▶ _Task brief_:
Please repeat, from the entries that follow, the lines from the one containing "10 металевих кріплення" through the one containing "CD Michelle wearing" exactly, adding nothing.

▶ _The records_:
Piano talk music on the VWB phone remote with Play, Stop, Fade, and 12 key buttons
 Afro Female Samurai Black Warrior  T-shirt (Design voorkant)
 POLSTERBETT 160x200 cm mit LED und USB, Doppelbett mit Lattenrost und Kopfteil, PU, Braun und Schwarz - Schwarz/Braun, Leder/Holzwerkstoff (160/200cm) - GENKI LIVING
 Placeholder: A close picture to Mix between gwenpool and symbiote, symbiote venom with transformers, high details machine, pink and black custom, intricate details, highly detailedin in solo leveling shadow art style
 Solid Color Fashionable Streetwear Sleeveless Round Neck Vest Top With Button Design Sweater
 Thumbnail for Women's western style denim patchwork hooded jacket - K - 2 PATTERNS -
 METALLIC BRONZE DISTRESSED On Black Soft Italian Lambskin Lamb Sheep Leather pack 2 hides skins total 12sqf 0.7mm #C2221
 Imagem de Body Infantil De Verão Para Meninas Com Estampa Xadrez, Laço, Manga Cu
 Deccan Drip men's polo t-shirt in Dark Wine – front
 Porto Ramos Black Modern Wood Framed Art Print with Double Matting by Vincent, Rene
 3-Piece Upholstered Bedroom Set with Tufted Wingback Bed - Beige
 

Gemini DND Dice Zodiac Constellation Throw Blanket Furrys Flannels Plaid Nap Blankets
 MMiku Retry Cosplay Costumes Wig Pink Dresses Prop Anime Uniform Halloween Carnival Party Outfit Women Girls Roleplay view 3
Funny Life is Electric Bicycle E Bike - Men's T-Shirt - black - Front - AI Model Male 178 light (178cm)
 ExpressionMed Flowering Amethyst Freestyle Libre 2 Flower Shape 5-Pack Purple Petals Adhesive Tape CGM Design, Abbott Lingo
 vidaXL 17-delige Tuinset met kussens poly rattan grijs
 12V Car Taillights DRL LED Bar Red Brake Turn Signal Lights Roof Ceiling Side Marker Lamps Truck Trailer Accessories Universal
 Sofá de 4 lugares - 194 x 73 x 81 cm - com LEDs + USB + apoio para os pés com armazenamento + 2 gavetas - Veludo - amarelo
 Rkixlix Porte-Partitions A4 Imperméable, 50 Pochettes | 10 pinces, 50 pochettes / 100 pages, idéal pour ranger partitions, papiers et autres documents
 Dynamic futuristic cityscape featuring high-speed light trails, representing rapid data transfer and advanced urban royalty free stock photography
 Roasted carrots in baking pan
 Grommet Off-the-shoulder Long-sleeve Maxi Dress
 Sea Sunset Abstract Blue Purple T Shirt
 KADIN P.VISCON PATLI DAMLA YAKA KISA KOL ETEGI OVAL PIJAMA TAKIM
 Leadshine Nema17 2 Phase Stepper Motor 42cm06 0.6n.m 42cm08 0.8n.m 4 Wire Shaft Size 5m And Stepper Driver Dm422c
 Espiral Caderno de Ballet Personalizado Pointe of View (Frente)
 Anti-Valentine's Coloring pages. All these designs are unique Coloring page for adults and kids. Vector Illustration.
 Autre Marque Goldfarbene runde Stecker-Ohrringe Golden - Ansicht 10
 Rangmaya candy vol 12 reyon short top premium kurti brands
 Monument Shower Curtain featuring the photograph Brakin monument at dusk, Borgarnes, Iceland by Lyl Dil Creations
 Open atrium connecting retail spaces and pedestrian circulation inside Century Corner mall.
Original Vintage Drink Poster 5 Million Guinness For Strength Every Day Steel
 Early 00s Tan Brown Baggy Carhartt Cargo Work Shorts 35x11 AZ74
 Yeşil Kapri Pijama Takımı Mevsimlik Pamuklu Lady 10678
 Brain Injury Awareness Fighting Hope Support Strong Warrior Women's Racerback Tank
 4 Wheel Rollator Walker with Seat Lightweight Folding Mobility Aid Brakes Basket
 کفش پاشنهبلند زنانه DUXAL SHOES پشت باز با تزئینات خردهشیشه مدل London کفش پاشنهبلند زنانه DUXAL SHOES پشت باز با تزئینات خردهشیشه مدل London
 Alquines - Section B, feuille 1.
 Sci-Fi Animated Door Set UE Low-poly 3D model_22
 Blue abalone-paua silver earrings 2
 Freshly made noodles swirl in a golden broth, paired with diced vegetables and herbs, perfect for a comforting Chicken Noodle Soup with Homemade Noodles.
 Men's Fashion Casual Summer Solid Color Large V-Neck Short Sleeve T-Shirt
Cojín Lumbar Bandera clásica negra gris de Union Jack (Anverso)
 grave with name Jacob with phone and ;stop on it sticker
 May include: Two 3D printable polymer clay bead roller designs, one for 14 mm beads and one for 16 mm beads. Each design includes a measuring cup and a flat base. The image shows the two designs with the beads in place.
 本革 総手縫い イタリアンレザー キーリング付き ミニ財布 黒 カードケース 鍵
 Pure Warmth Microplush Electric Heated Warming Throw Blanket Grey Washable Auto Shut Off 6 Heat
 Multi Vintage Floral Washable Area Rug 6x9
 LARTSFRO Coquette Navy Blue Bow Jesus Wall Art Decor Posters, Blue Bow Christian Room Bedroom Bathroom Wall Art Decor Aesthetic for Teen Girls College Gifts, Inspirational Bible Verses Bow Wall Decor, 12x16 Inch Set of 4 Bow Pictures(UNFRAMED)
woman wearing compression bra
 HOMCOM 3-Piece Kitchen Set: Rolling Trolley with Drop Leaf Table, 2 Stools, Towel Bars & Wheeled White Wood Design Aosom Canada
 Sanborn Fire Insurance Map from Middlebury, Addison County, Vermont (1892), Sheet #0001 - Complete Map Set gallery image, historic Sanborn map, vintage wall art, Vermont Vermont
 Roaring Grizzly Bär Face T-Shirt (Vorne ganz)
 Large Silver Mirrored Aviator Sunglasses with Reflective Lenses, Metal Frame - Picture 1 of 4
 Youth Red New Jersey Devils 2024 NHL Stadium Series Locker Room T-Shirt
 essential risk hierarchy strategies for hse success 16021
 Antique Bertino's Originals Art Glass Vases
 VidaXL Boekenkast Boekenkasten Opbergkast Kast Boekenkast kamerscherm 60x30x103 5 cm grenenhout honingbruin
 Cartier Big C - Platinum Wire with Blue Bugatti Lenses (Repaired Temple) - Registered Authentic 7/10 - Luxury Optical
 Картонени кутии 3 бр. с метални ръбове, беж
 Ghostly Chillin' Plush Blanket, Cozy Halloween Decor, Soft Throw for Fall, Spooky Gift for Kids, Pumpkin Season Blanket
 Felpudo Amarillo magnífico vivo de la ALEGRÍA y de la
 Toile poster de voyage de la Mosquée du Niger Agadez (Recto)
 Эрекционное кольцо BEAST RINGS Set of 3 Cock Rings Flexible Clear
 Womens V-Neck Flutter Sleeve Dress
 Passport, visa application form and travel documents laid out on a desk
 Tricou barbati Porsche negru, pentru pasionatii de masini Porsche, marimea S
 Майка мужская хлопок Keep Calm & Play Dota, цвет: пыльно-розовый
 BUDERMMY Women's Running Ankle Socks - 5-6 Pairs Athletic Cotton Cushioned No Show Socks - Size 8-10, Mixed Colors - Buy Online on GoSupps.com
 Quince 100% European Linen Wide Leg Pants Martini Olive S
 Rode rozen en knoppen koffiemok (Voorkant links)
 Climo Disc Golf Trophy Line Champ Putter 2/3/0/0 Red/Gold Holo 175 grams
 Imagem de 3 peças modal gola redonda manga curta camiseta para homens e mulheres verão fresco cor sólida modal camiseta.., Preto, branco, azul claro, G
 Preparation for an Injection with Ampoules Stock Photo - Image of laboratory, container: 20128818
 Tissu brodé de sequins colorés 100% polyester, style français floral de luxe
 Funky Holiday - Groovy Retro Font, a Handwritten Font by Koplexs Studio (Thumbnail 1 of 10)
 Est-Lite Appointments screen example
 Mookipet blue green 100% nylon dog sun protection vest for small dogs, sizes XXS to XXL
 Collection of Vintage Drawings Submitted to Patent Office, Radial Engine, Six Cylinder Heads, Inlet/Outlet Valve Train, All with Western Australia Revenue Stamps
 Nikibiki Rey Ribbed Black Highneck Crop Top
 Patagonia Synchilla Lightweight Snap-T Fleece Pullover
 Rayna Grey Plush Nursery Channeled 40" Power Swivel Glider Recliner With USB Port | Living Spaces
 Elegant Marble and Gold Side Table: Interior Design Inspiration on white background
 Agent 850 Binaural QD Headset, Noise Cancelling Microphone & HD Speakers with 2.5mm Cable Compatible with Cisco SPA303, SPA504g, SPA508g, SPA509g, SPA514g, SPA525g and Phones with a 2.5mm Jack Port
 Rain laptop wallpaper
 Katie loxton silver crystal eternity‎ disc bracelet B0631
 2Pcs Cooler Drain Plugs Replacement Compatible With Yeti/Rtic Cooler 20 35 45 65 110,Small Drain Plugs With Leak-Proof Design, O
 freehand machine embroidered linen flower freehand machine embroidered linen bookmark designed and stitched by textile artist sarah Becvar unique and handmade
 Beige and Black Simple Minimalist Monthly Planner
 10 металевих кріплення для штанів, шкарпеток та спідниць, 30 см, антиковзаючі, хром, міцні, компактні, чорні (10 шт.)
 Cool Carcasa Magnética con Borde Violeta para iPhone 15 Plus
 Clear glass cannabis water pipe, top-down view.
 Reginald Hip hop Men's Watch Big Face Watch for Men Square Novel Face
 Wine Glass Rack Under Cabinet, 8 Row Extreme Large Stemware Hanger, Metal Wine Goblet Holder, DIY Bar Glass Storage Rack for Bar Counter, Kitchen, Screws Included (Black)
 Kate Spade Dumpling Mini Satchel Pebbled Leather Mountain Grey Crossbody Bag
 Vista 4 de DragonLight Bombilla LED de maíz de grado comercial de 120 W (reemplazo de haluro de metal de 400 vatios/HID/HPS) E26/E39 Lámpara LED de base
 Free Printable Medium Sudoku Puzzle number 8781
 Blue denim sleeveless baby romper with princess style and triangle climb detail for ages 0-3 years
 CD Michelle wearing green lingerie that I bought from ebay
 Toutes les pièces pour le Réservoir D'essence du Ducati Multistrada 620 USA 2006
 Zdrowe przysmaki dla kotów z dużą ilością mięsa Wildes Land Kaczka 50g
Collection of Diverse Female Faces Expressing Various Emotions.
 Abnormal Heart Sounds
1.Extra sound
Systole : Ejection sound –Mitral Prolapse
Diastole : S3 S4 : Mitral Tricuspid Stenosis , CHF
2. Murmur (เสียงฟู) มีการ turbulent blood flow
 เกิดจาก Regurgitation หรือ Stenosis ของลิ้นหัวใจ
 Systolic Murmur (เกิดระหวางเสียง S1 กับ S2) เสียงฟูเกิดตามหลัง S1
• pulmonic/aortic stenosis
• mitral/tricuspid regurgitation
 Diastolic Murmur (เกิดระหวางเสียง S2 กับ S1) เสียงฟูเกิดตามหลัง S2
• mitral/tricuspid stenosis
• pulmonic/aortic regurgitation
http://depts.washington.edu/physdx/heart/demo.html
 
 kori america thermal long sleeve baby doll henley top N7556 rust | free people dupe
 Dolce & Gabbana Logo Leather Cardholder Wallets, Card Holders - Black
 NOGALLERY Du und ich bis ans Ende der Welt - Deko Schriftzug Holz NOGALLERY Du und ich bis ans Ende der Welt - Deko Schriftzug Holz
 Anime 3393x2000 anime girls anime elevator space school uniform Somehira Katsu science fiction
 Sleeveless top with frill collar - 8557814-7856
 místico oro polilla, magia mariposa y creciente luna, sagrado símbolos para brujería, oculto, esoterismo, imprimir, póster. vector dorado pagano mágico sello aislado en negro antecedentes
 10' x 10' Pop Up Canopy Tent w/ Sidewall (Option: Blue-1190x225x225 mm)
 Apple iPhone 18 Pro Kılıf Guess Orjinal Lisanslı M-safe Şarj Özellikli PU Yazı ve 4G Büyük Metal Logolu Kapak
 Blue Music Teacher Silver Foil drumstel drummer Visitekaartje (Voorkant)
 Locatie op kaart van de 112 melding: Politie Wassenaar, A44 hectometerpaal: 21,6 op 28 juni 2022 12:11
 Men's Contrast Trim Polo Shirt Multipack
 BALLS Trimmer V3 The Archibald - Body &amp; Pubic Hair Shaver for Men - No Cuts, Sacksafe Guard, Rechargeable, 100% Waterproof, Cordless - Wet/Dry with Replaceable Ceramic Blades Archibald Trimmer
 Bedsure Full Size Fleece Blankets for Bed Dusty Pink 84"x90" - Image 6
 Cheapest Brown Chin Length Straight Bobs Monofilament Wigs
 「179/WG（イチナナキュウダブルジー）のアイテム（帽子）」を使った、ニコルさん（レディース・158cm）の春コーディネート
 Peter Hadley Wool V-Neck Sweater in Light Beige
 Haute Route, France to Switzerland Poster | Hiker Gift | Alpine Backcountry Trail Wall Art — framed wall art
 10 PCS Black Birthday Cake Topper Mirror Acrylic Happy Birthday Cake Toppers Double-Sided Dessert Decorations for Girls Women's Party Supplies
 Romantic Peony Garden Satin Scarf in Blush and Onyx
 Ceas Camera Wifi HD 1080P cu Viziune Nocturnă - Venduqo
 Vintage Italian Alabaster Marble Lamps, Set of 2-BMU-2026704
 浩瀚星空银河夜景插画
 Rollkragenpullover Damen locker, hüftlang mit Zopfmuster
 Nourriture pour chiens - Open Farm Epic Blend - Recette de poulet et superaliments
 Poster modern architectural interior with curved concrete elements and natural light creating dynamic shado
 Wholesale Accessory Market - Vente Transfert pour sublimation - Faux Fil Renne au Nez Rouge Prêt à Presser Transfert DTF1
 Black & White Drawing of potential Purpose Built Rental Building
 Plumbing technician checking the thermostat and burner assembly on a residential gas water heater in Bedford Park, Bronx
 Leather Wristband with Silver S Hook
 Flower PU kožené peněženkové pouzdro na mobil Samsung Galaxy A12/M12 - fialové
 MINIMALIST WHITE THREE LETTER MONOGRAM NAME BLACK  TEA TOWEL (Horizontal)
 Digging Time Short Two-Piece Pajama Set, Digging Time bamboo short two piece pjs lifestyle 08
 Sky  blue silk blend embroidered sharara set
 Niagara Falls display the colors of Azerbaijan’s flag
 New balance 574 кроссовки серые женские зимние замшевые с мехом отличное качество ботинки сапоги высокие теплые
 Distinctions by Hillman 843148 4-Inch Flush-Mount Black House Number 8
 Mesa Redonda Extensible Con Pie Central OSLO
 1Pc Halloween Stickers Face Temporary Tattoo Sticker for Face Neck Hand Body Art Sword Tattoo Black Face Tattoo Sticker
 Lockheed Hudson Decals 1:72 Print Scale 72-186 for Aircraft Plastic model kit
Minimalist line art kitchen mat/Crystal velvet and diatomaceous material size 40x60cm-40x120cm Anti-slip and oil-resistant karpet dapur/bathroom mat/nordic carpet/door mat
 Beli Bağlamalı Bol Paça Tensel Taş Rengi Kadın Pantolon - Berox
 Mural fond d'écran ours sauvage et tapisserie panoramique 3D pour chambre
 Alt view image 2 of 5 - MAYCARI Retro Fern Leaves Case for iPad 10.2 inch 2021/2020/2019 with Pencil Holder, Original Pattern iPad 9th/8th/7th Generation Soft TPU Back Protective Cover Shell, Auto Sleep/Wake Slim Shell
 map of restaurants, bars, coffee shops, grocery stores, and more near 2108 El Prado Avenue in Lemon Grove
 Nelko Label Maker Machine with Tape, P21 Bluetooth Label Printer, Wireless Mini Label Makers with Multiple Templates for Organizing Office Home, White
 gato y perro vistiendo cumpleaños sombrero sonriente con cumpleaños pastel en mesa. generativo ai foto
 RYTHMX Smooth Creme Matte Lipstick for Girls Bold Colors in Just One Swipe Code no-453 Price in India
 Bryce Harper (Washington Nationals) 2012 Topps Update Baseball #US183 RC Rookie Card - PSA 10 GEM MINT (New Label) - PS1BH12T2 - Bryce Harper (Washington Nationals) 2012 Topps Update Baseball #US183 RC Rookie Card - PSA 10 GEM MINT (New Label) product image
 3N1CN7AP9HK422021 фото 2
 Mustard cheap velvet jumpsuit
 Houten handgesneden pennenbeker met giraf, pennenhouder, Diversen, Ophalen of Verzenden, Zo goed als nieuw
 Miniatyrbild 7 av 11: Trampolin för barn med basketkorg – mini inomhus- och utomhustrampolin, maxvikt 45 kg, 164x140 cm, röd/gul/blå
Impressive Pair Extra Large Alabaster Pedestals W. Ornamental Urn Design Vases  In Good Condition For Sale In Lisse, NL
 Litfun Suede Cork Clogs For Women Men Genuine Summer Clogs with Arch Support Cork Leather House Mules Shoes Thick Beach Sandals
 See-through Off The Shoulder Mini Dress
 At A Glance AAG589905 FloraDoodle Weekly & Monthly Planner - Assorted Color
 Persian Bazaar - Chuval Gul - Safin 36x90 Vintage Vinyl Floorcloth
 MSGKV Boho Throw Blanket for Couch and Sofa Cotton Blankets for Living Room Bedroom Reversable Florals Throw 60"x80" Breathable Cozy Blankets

▶ _Exercise output_:
 10 металевих кріплення для штанів, шкарпеток та спідниць, 30 см, антиковзаючі, хром, міцні, компактні, чорні (10 шт.)
 Cool Carcasa Magnética con Borde Violeta para iPhone 15 Plus
 Clear glass cannabis water pipe, top-down view.
 Reginald Hip hop Men's Watch Big Face Watch for Men Square Novel Face
 Wine Glass Rack Under Cabinet, 8 Row Extreme Large Stemware Hanger, Metal Wine Goblet Holder, DIY Bar Glass Storage Rack for Bar Counter, Kitchen, Screws Included (Black)
 Kate Spade Dumpling Mini Satchel Pebbled Leather Mountain Grey Crossbody Bag
 Vista 4 de DragonLight Bombilla LED de maíz de grado comercial de 120 W (reemplazo de haluro de metal de 400 vatios/HID/HPS) E26/E39 Lámpara LED de base
 Free Printable Medium Sudoku Puzzle number 8781
 Blue denim sleeveless baby romper with princess style and triangle climb detail for ages 0-3 years
 CD Michelle wearing green lingerie that I bought from ebay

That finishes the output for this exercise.